Aynı dönemde tüm okullar kapatılıp, dersler ve sınavlar telekonferans yöntemleri ile yapılmadı mı?
Devlet kurumları arasındaki iletişim telekonferans yöntemleri ile yürütülmedi mi?
Daha da ileri gidelim: Cumhurbaşkanı Erdoğan,
Bu örnekleri alt alta yazmaya kalsak koca ciltli bir kitap olur.
***
Uluslararası ilişkilerde de çok sık kullanılan bu teknolojiyi Merkel, Macron, B.Jhonson, Putin, Trump gibi liderle görüşmelerde kullanmadık mı? Üstelik medya kuruluşları, bu teknoloji ile yapılmış görüşmeleri, teknolojik ilerlememizin önemli göstergelerinden biri olarak lanse etmedi mi?

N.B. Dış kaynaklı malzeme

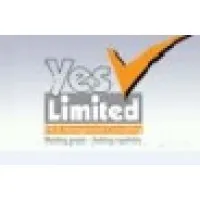 YES Pvt. Ltd.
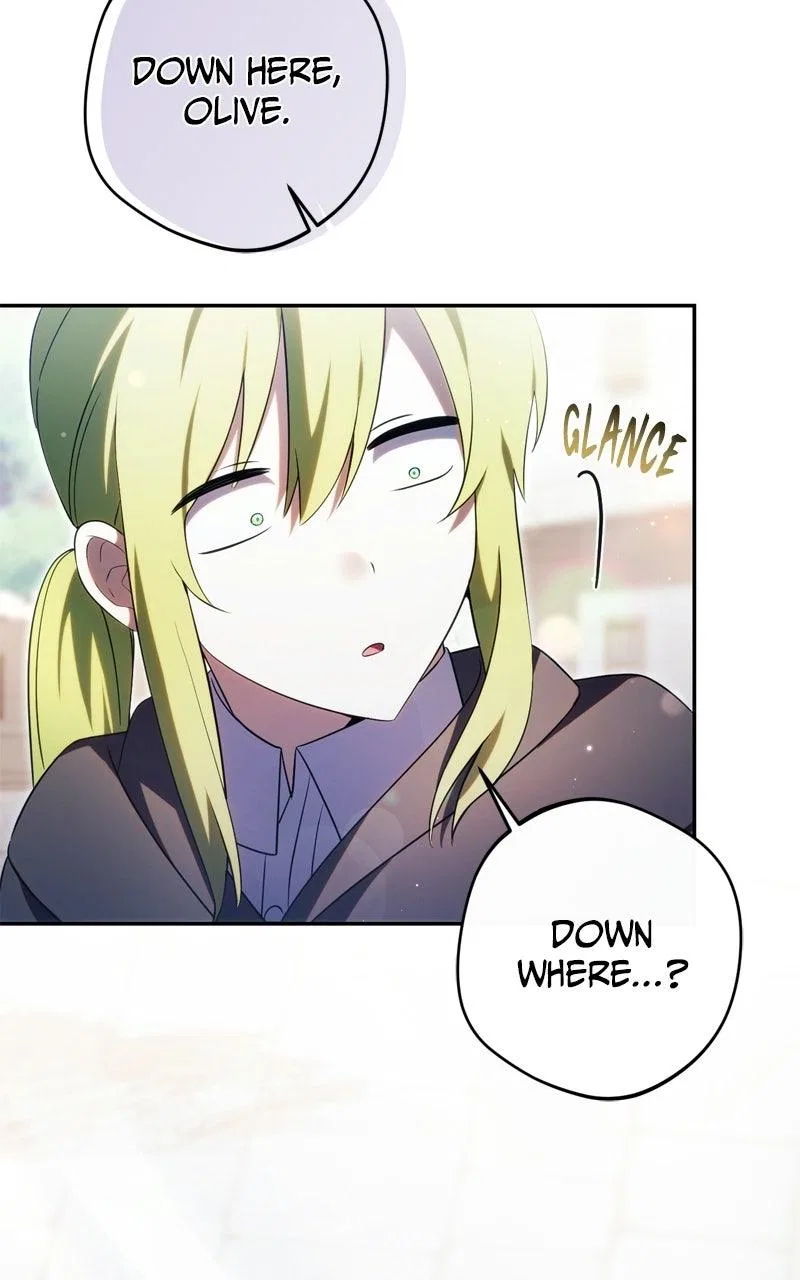 The Villainous Tyrant Has Returned Chapter 85 – Page 10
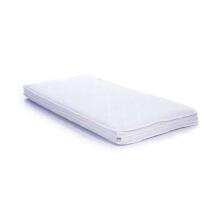 IntemaBBS Mattress Musa Art.120401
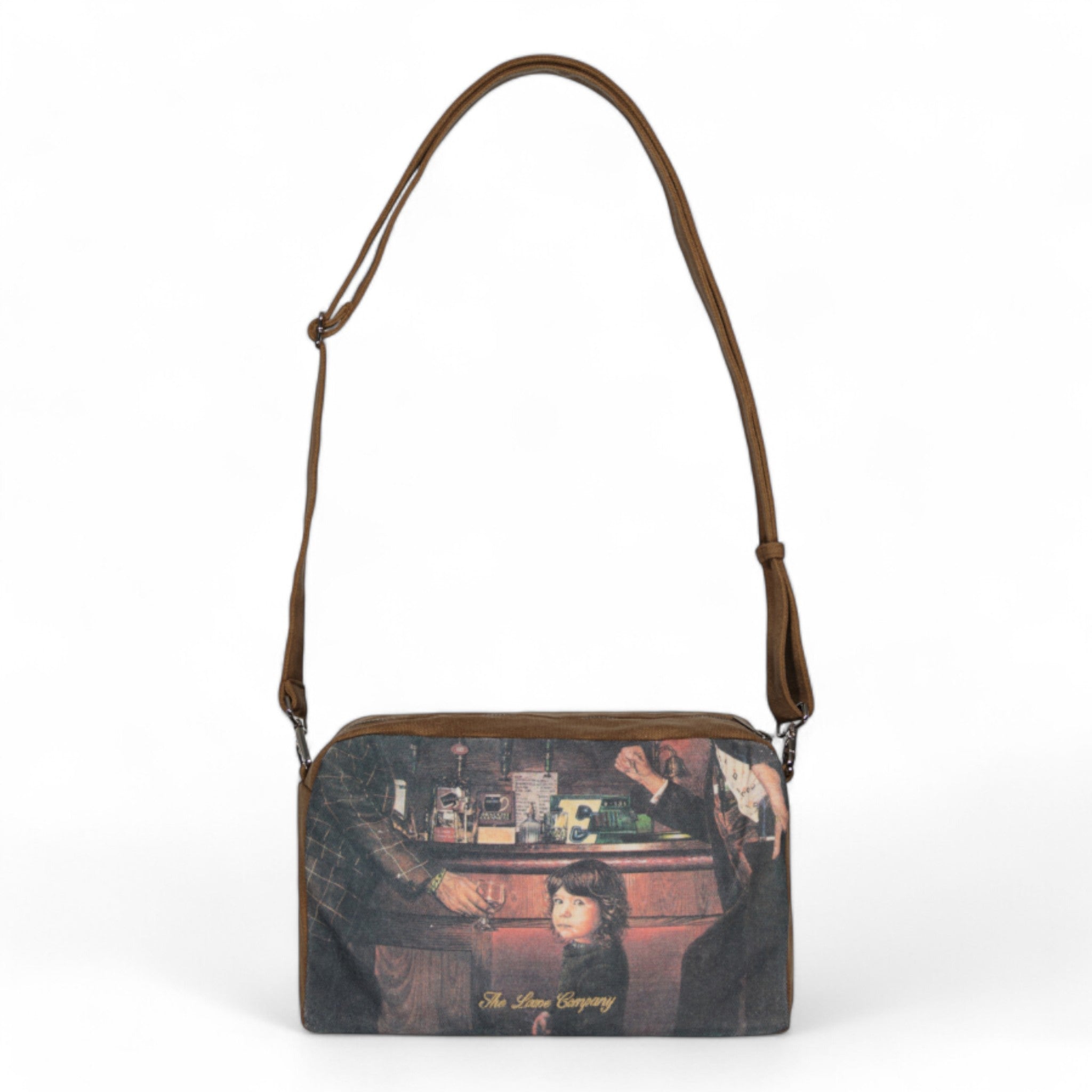 The Loose Company Bumbag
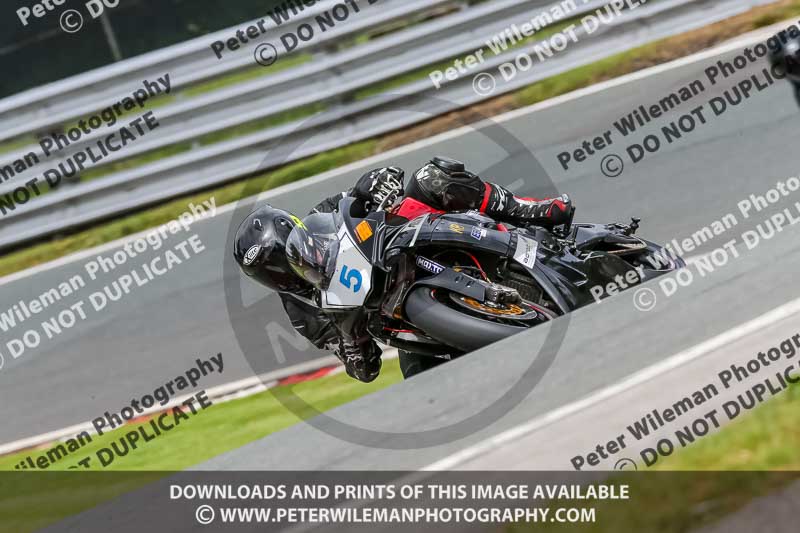 PJ Motorsport Photography 2020;anglesey;brands hatch;cadwell park;croft;donington park;enduro digital images;event digital images;eventdigitalimages;mallory;no limits;oulton park;peter wileman photography;racing digital images;silverstone;snetterton;trackday digital images;trackday photos;vmcc banbury run;welsh 2 day enduro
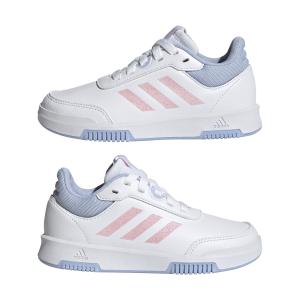 product/a/d/adidas_hp6156_10_footwear_photography_mirrored_pair_view_white.jpg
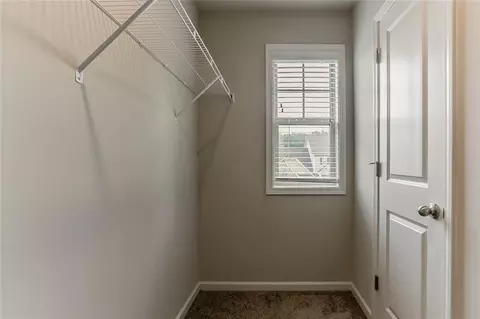 245 Orchard Dr, Covington, GA 30014 photo 24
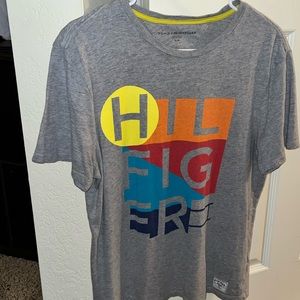 Tommy Hilfiger tee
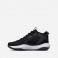 ua lockdown 6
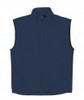 Navy-Navy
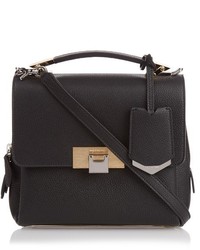 Balenciaga Le Dix Soft Mini Cartable Bag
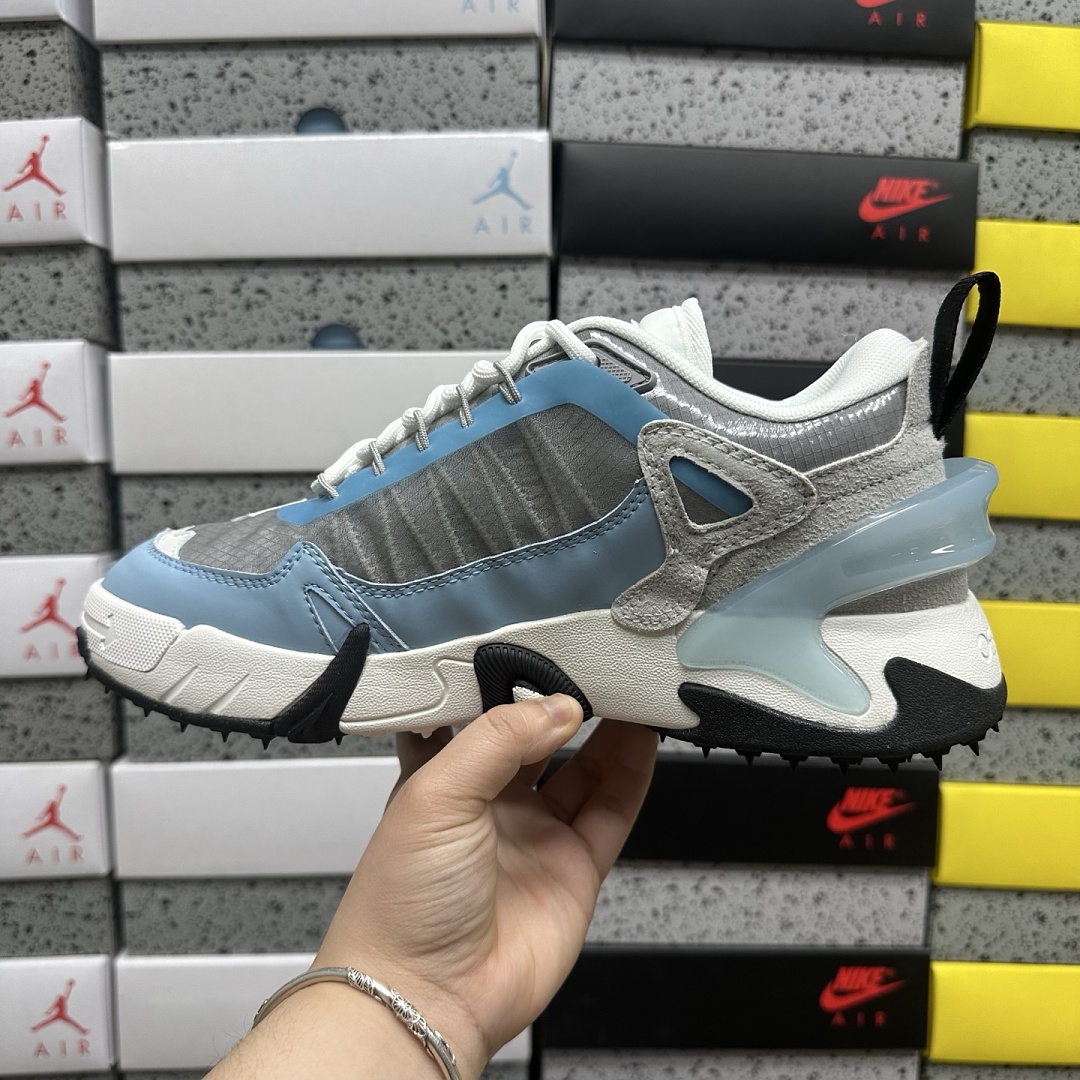 Off-White Odsy-2000 - Image 4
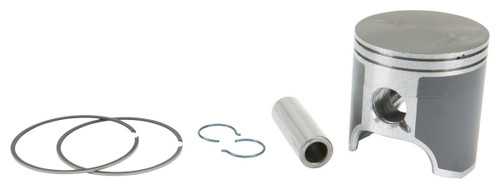 SP1 SM-09144B PISTON T-MOLY DOUBLE RING S-D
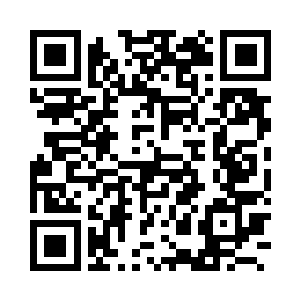 Link naar je actie QRCode - Fondswerving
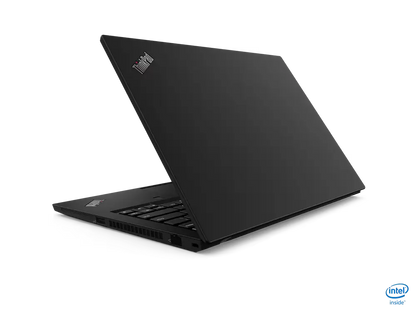 ThinkPad T14 Gen 1  i5-10210U, 8GB, 512GB SSD M.2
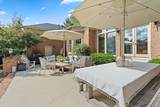 6525 Radcliff Dr - Photo 40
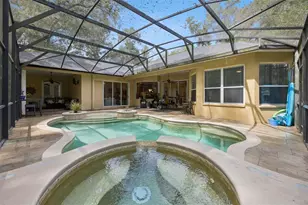 30440 Jubilee Way, Sorrento, FL 32776 - Photo 2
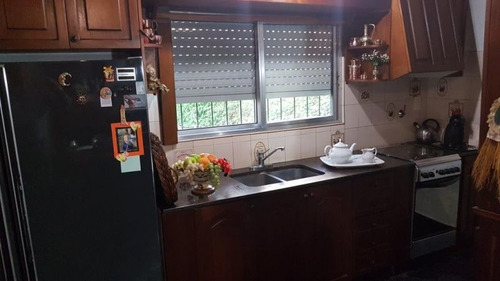 Imagen 5 de 13 de Casa En Venta En Muñiz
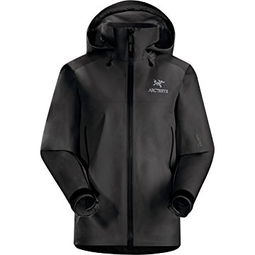 arc'teryx womens beta ar jacket,Discover the Arc’teryx Womens Beta AR Jacket: A Comprehensive Guide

Tüm bu görüşmelerin, toplantıların, hitapların abes, kusur ve ayıp olduğunu iddia edebilir miyiz?
Elbette hayır!
Tam tersine, çağımızın bize sağladığı teknolojik imkanları kullanmamak abes, ayıp ve kusurdur.
Bir yandan Endüstri 4.0’dan, Toplum 5.0’dan, dijital dönüşümden bahsedecek ve gelecek hedeflerimizin başına koyacaksınız, bir yandan da bu teknolojiyi kullandı diye çok değerli bir insanı yerin dibine sokacaksınız. Bundan faydalanıp, Türkiye’nin geleceği ile ilgili yapılan çalışmaları, analizleri ve önerileri de yok sayacaksınız…
Bu tavır, yazımın başında da söylediğim gibi, mazrufa değil, zarfa bakmaktır.
Dar bakış açısıdır.
Art niyettir…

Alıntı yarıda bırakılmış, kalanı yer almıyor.